El mayor Constantino Belmonte obtiene su grado militar en la Guerra del Chaco, es parte de esa soldadesca que vuelve de la guerra desconsolada, triste, sin oficio y sin horizonte. Es uno de los “artilleros” que deambulan por los basurales —el término surge, como el propio Bascopé cuenta, a la vuelta de los soldados de artillería y que no tienen otra que dedicarse al alcohol—. Escojo un relato/imagen que configura a este personaje y contribuye a la imaginación histórico-literaria de la ciudad de La Paz:
“Precisamente por una especie de azar, o quizá designio inapelable, años después Constantino sintió que había llegado su hora de ir al Cementerio de los Elefantes, junto al enano Margarito. Éste presintió lo mismo, y así ambos decidieron, después de haber pasado una noche tristísima en el basural donde se conocieron, en medio de las despedidas de sus cofrades y el llanto de los perros flacos que los acompañaban, que era imperioso dirigirse hacia allá cuanto antes. Eligieron el viernes, porque ese día es de la pasión, conscientes de que la noche aquella de tristeza y balbuceos había sido algo como la del Huerto de los Olivos” (p. 54).

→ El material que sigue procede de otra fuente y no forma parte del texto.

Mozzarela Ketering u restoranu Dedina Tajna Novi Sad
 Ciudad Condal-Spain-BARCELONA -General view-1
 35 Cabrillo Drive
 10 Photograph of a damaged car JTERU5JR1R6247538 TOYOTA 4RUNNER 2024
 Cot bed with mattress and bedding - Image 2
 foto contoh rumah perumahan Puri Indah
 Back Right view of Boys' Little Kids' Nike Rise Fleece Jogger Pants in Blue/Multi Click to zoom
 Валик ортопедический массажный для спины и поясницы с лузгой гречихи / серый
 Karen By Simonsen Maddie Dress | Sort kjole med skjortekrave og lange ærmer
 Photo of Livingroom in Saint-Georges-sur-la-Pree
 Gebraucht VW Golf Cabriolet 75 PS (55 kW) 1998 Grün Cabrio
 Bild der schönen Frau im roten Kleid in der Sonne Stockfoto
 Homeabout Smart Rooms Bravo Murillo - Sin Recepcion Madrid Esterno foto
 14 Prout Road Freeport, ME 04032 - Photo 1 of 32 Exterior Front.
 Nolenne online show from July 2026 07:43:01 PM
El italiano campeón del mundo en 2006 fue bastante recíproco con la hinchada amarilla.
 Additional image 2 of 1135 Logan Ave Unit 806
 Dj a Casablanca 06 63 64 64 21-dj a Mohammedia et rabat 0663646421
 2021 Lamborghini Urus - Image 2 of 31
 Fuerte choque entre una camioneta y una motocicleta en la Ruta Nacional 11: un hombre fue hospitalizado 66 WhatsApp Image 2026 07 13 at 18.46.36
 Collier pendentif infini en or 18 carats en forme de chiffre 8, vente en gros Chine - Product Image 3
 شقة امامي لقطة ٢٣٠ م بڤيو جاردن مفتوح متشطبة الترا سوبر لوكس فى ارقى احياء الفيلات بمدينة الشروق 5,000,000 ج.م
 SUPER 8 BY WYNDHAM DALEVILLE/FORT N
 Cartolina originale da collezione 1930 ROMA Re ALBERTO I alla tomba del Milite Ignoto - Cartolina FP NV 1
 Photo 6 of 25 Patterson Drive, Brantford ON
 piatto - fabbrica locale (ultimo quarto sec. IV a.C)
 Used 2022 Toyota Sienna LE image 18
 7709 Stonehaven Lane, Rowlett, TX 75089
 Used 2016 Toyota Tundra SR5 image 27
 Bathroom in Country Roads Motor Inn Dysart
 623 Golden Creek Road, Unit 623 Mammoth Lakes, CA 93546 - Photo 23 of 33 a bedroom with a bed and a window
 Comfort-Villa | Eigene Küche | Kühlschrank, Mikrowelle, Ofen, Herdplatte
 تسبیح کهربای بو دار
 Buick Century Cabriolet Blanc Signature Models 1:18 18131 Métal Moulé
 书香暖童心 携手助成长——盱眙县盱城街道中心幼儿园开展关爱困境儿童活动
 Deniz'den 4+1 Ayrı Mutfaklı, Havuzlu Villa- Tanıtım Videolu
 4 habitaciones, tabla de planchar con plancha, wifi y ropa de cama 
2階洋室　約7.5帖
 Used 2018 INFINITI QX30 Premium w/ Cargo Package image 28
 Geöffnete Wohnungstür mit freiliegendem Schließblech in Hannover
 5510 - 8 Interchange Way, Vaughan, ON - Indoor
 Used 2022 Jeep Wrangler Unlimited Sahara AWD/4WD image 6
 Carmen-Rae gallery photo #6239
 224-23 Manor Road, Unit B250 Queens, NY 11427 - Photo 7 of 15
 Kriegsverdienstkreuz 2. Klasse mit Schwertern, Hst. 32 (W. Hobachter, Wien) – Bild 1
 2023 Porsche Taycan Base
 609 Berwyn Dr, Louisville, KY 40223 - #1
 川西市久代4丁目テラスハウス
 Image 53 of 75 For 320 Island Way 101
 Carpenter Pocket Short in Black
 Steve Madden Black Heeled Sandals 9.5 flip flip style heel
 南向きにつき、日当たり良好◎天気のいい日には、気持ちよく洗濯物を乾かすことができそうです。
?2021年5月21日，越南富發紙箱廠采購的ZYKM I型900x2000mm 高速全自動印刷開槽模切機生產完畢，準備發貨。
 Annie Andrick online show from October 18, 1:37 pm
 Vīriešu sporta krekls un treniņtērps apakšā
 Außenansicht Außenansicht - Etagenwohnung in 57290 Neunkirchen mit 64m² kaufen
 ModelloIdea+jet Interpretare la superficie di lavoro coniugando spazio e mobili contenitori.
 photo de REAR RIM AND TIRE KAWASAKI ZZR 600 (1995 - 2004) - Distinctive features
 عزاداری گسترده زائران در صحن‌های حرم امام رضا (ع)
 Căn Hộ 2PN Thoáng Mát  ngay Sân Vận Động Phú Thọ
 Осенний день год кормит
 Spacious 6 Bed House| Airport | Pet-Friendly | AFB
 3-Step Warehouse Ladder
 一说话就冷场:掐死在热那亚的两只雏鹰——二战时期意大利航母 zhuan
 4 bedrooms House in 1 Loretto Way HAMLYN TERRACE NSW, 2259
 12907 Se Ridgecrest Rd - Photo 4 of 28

El cementerio de los elefantes es el lugar al que los indigentes y alcohólicos van a morir, el que ha decidido acabar con su vida bebiendo se encierra con un balde de alcohol en una habitación y espera la hora. Historias parecidas (matices más, matices menos) las podemos encontrar en textos de los escritores Jaime Nisttahuz y Víctor Hugo Viscarra, y también en la película El cementerio de los elefantes (2008) de Tonchy Antezana. Tampoco hay que perder de vista los textos de Jaime Saenz sobre la figura del aparapita de la ciudad de La Paz o los avatares del personaje el Loco de Arturo Borda. Estos textos convergen en zonas y gestos del aislamiento social, proponen un imaginario cuyo espacio es la marginalidad y la indigencia, una cara que se muestra y otra que se oculta al mismo tiempo.
En La tumba infecunda los detalles se convierten en signos de un próximo destino, esa es la condición y dignidad de los personajes. La vida de Constantino Belmonte fue desde el principio un conjuro a los signos de la muerte: Hace llorar a los sapos y para evitarlo tiene que aprender el arte de la brujería. Decide morir en el cementerio de los elefantes, pero es salvado por un grupo de prostitutas y se convierte en el sepulturero de sus fetos. Es un potencial suicida en la Guerra del Chaco, pero encuentra los enigmas de Santo Tomás y se salva. Finalmente, encuentra un perro muerto y escucha el gemido de las moscas anunciando su muerte, eso lo lleva a la determinación de construir una tumba fastuosa para desquitarse de la vida en la que había sido siempre un desecho.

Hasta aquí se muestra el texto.